__WHAT TO DO__:
Keep the pictures out. Write out every line of the listing exactly.

__SOURCE MATERIAL__:
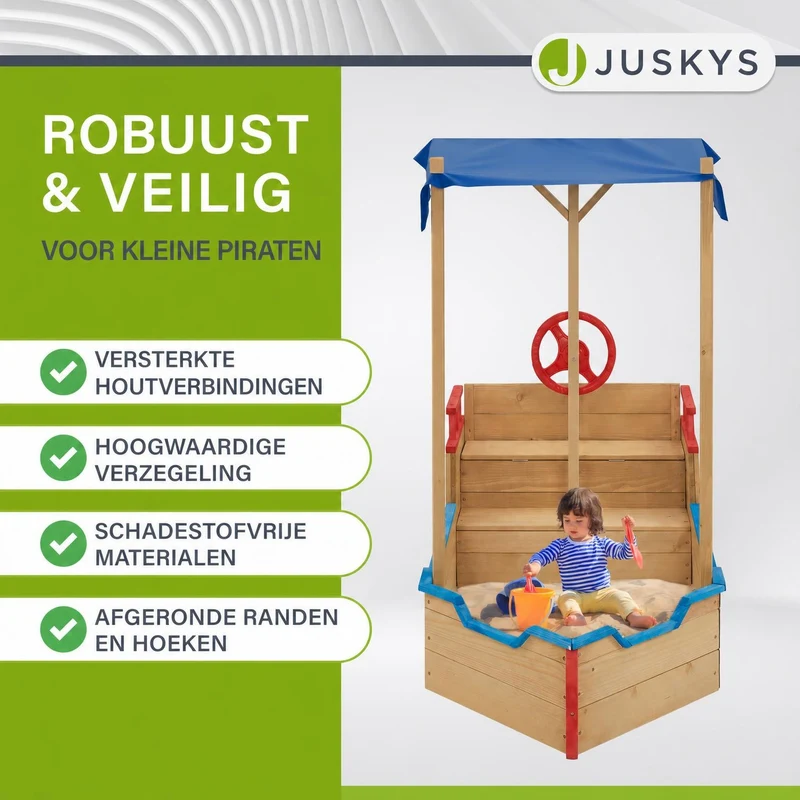 Bac à sable Käpt'n Pit – bateau pirate en bois – avec voile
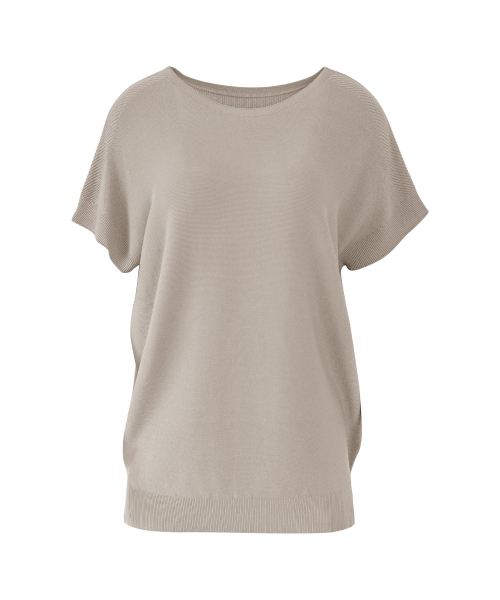 VASCARA(バスカラ)の「Boat Neck Drop Shoulder Half Sleeve Knitwear (6colors)(Tシャツ/カットソー・レディース・ホワイト/コーラルピンク/ライトイエロー/ベージュ/ブラック/カーキ・FREE)」の8枚目の写真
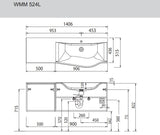 evermite Waschtisch "Swing" in weiss & WT-Unterschrank 140cm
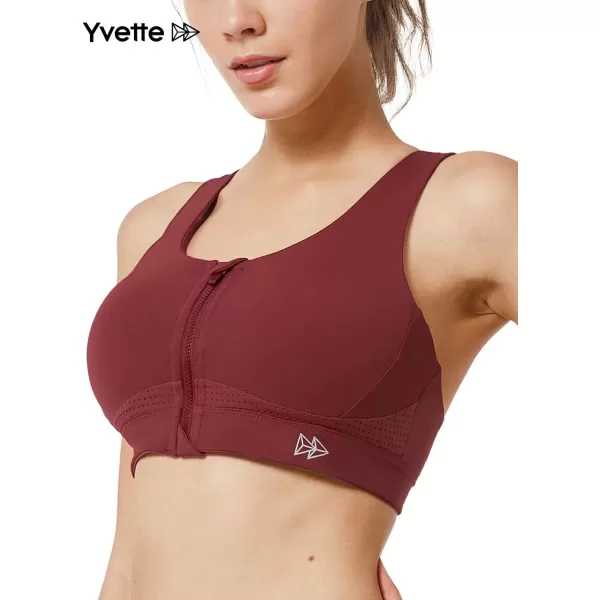 Yvette Strappy Zip Front Sports Bra High Impact Workout Bra for Running Spinning Dancing WomenBurgundy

__FINISHED EXERCISE__:
 Bac à sable Käpt'n Pit – bateau pirate en bois – avec voile
 VASCARA(バスカラ)の「Boat Neck Drop Shoulder Half Sleeve Knitwear (6colors)(Tシャツ/カットソー・レディース・ホワイト/コーラルピンク/ライトイエロー/ベージュ/ブラック/カーキ・FREE)」の8枚目の写真
 evermite Waschtisch "Swing" in weiss & WT-Unterschrank 140cm
 Yvette Strappy Zip Front Sports Bra High Impact Workout Bra for Running Spinning Dancing WomenBurgundy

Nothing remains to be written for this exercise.